* **Recorded data**:
┄┄┄┄┄┄┄┄┄┄

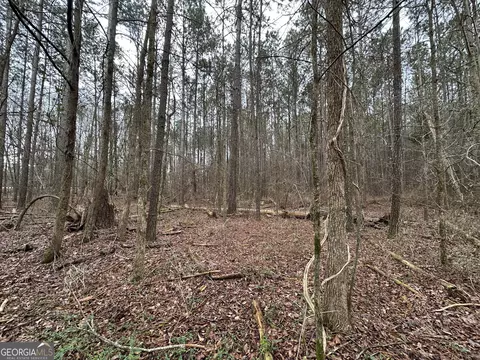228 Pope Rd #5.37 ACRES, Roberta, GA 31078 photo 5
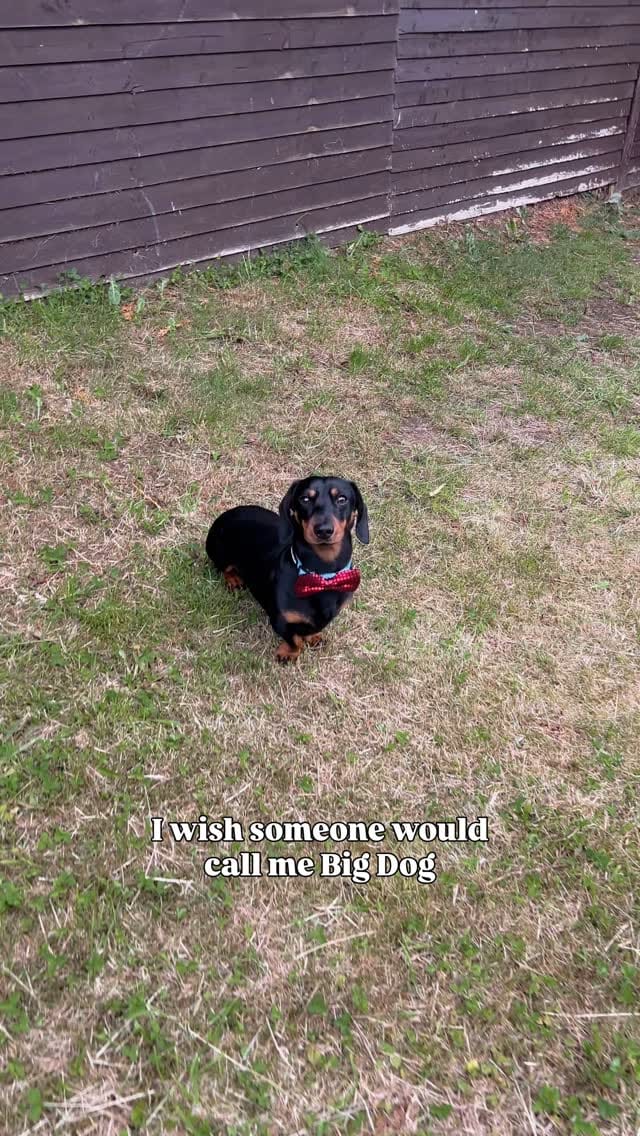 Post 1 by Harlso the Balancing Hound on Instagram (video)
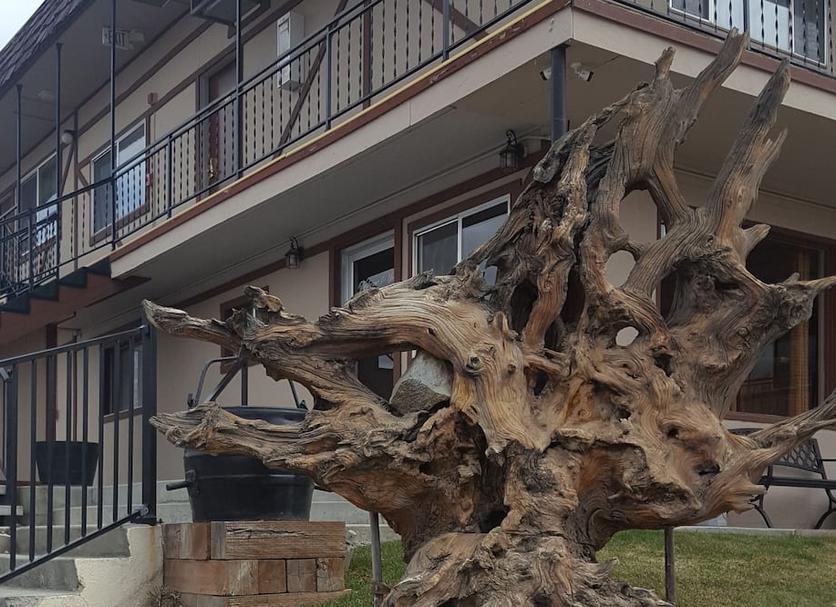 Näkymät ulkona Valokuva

┄┄┄┄┄┄┄┄┄┄

* **Activity**: Copy out nothing but text: transcribe the listing exactly and skip each picture.

* **Answer space**:
228 Pope Rd #5.37 ACRES, Roberta, GA 31078 photo 5
 Post 1 by Harlso the Balancing Hound on Instagram (video)
 Näkymät ulkona Valokuva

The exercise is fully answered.